A second battery changes the whole experience. Without one, the tool sits idle when the first pack drains. With one, the driver becomes a grab-and-go tool that stays useful through a whole project session.
We also plan for bit replacement. An impact-rated bit set is not optional, and bargain bits become a false economy fast. The tool itself does not need much babysitting, but the accessories decide whether it feels smooth or annoying.
Durability and Failure Points
The first problems we watch for on this class of driver are not dramatic motor failures. They are smaller annoyances that slow work down.
- Bit retention gets sloppy when bits wear out or the collet gets dirty.
- Trigger response gets less crisp after hard use.
- Battery contacts collect grime and create avoidable frustration.
- Cheap bits strip fast and make the driver look weaker than it is.
- Case scuffs and corner dings show up long before the tool quits.
If a Craftsman impact driver starts feeling weak, we check the battery and the bit before we blame the motor. That is the part many buyers miss. The tool often stays fine while the consumables create the real headache.
The Straight Answer
We recommend the Craftsman 20V Max Impact Driver for homeowners and hobby builders who already live in the Craftsman battery ecosystem and want a practical fastening tool for shelves, furniture, garage fixes, and similar projects.
We skip it for daily pro work, for buyers who want the clearest published performance story, and for anyone who needs quiet, delicate control more than driving speed. If we only want one cordless tool for everything, a drill/driver combo makes more sense.
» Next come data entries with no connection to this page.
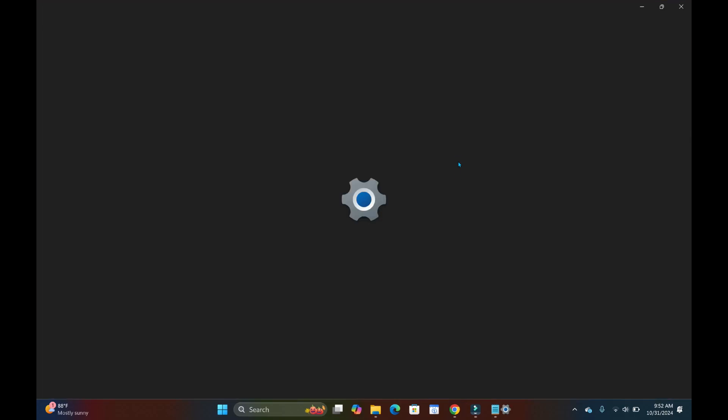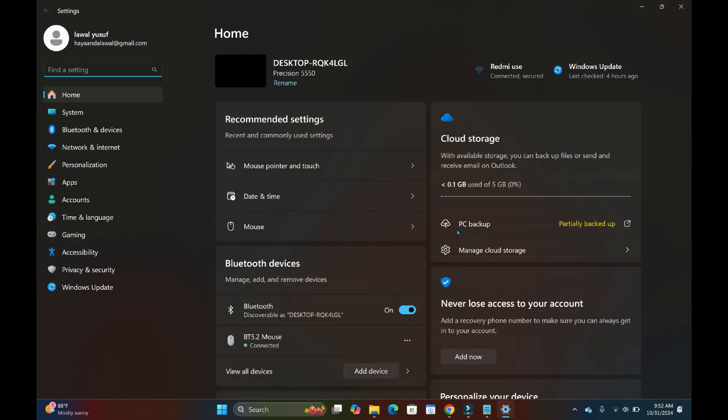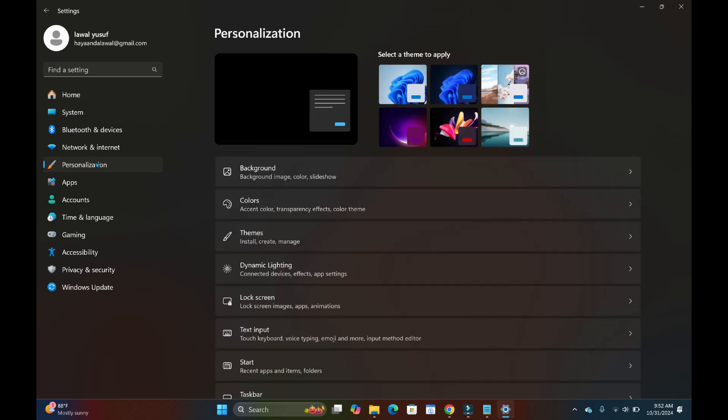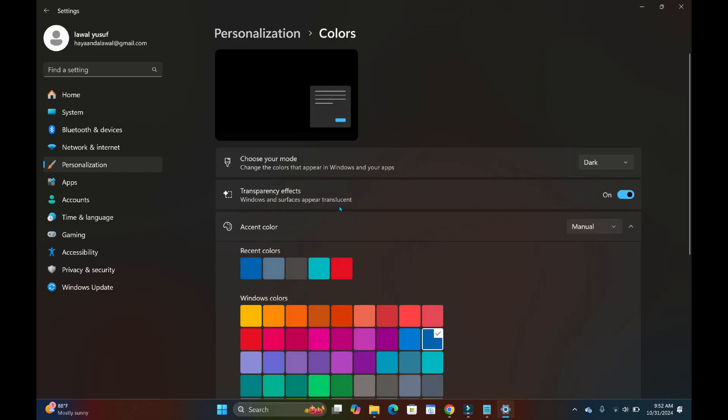When it finishes loading, click on Personalization to continue, then click on Colors. As you can see, choose your mode and then come right here and choose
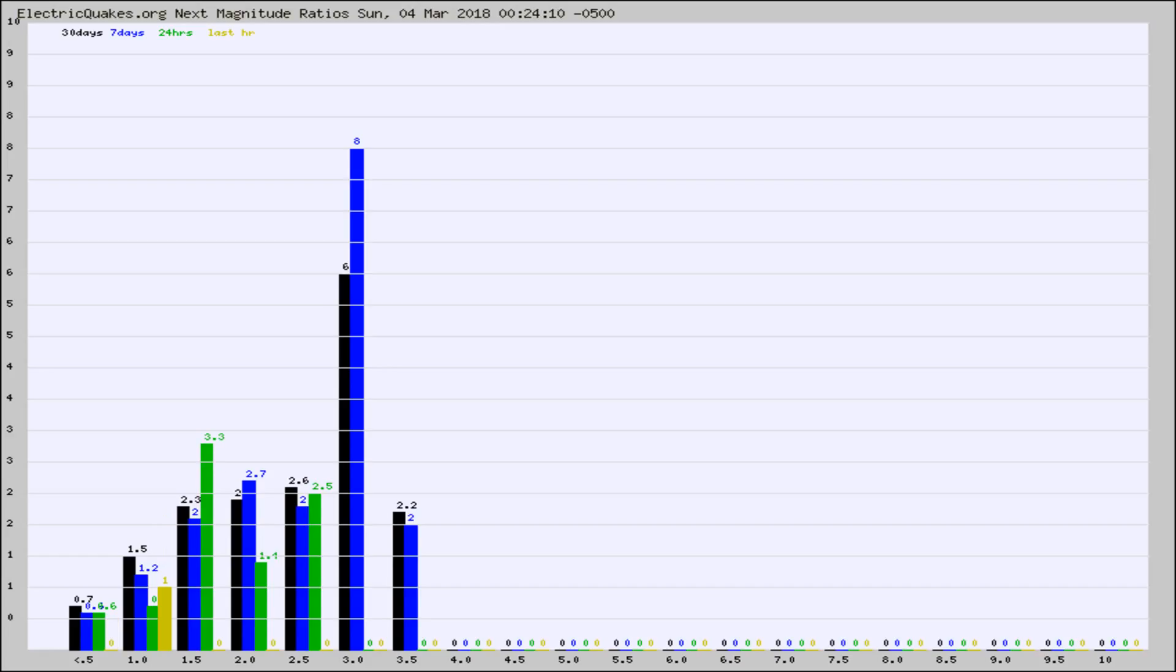Again, the black column is 30 days, blue is 7, green is 24 hours, and gold is in the last hour.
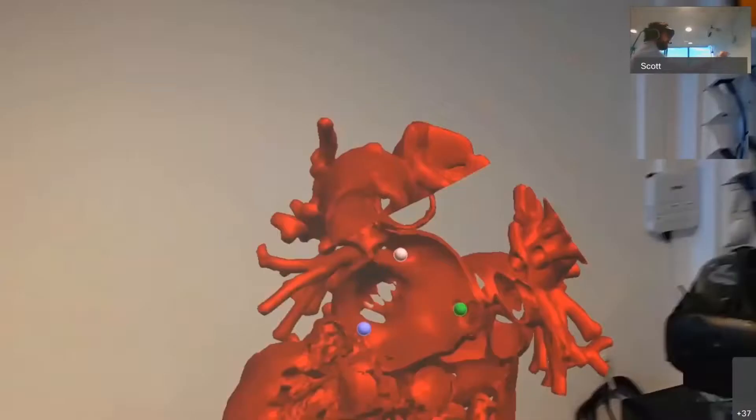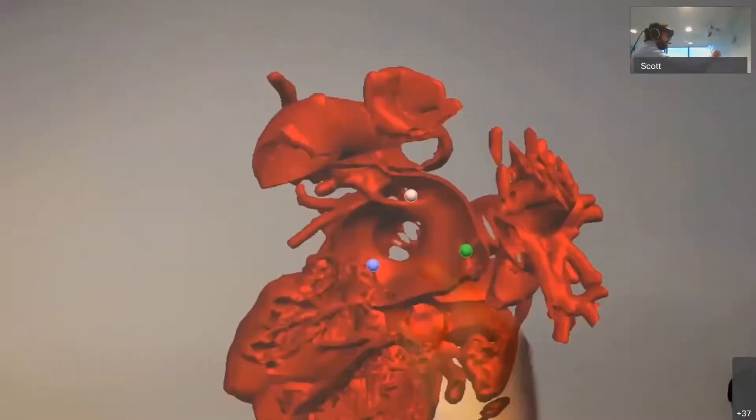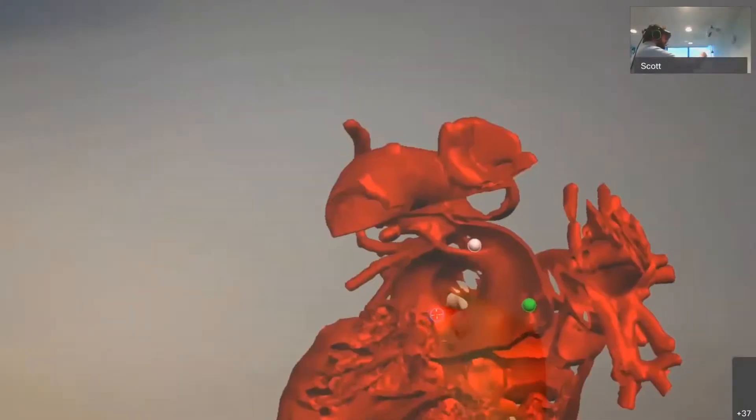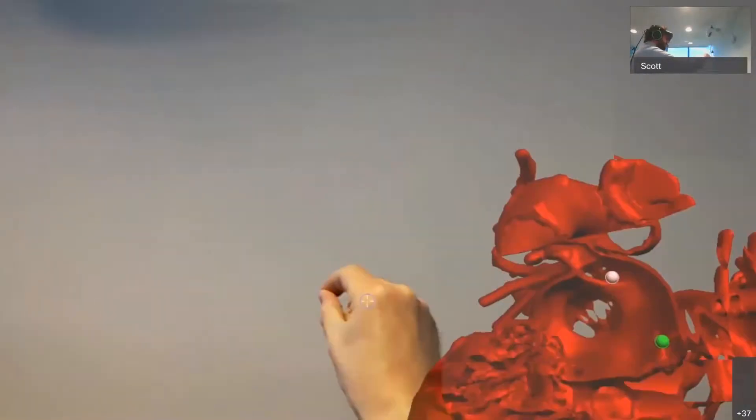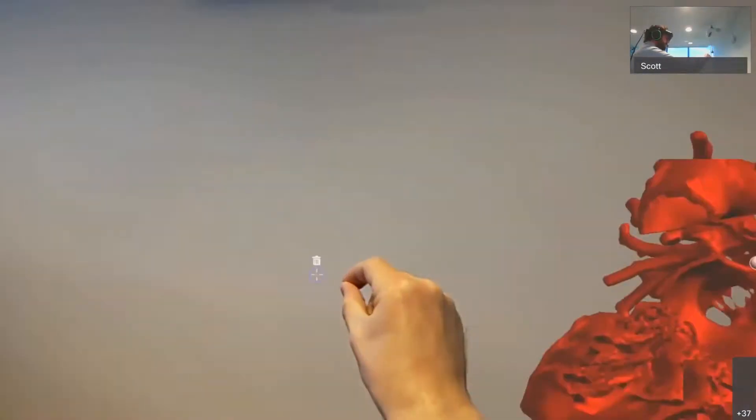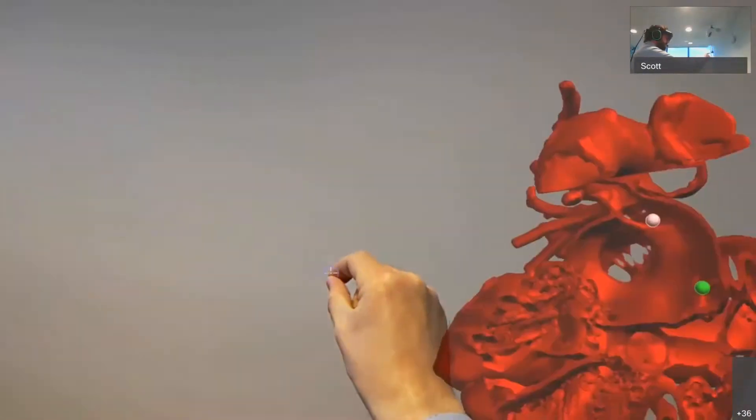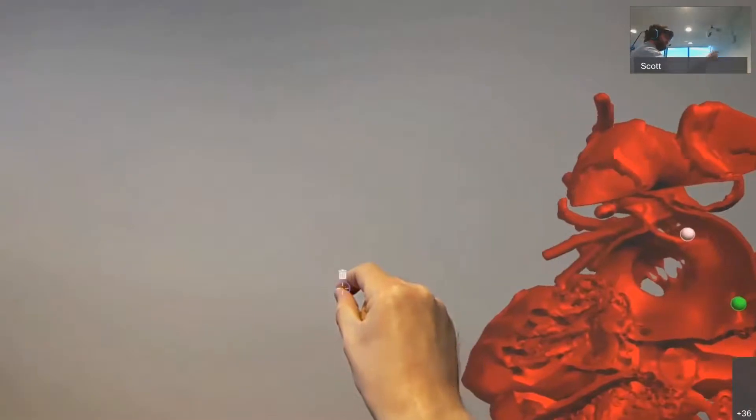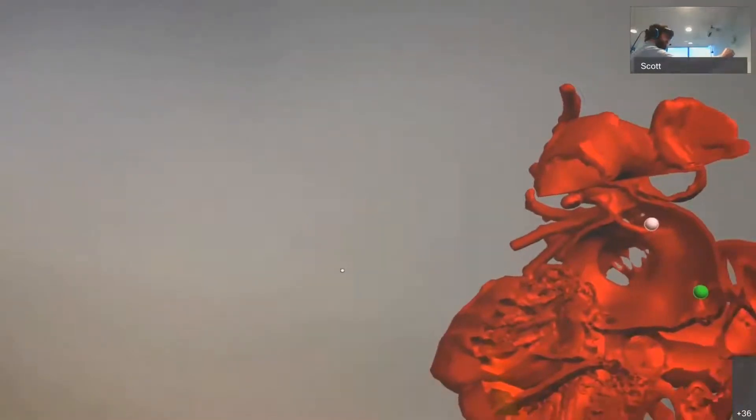And if I want to remove those markers, I can just grab them, move them away from the heart, and a trash icon appears. I can let them go.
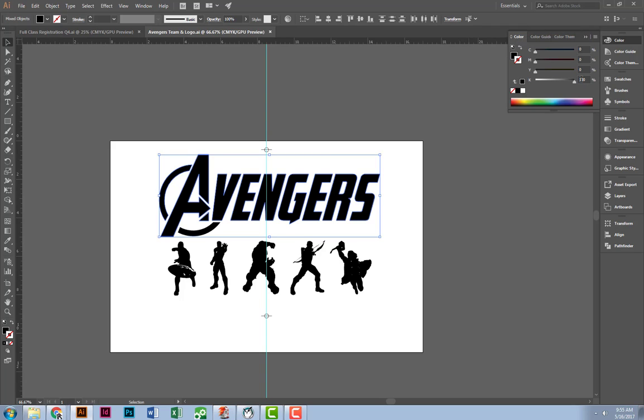You'll notice that brings this menu of sliders up, CMYK, cyan, magenta, yellow, and black.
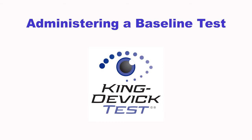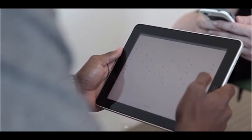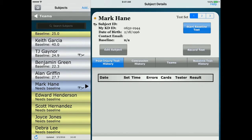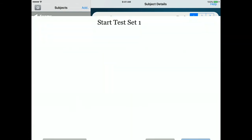A baseline test is a pre-injury baseline test score determined by following the baseline testing protocol, which establishes a test score as the faster of two error-free trials. The KD test app allows you to administer baseline tests directly on the iPad and syncs with your KDTOS account. Select the subject you would like to begin baseline testing. Baseline testing is available for new subjects that need a baseline score. Select the test set by tapping on the test set number in the upper right corner, then tap Start Baseline Test.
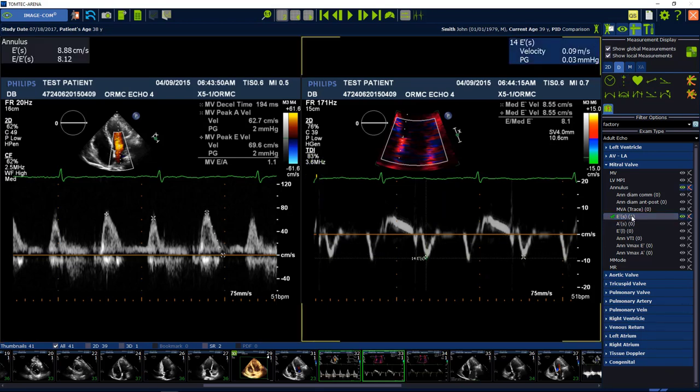If you move the mouse again over the measurement package, the measurements are going to appear in the left upper corner.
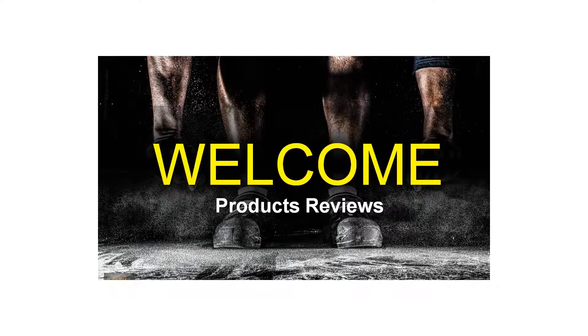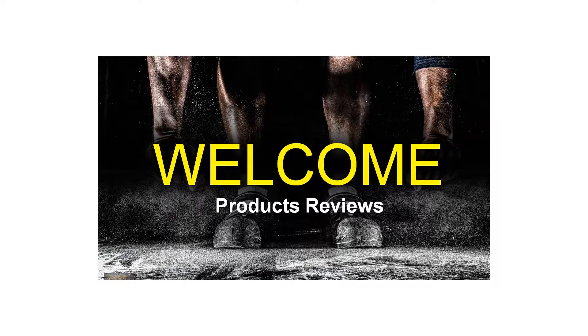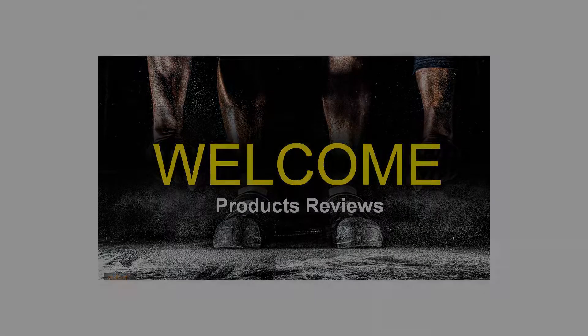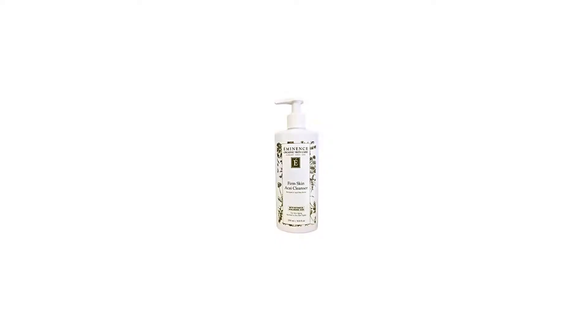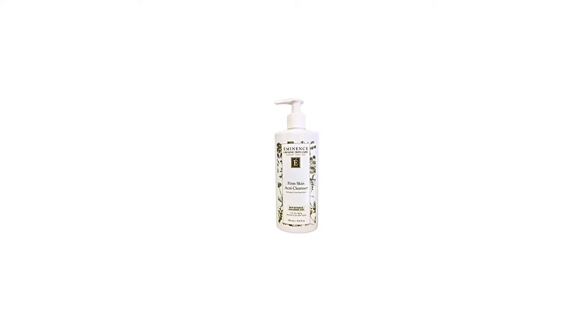An age-defying cleanser for mature and dehydrated skin. Formulated with acai berry juice that delivers moisture to improve skin's tone. Blended with hyaluronic acid to deeply nourish and plump skin. Significantly reduces the appearance of fine lines and wrinkles.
If we want a dedicated screw-driving tool in a matching battery family, this one lands in the practical middle.
Frequently Asked Questions
Is the Craftsman 20V Max Impact Driver good for furniture assembly?
Yes, for repetitive screw driving into wood and sheet goods. It is not the right pick for tiny decorative hardware or soft trim, where too much torque strips fasteners fast.
Do we need Craftsman batteries to make this a good buy?
Yes, if we want the cleanest value. Without matching batteries and a charger, the real cost climbs and the convenience drops.
Is this better than a drill-driver?
No for drilling holes and delicate control. Yes for driving long screws and stubborn fasteners. The wrong move is buying an impact driver as the only cordless tool in the shop.
Should we choose this over DeWalt or Milwaukee?
Yes only when the Craftsman battery shelf already exists or when we want a simpler homeowner-first setup. DeWalt and Milwaukee win for heavier daily use, deeper ecosystems, and stronger pro reputation.
What should we buy with it?
An impact-rated bit set and a spare battery. Bargain bits strip quickly, and a single pack turns a smooth tool into an interrupted one the first time a project runs long.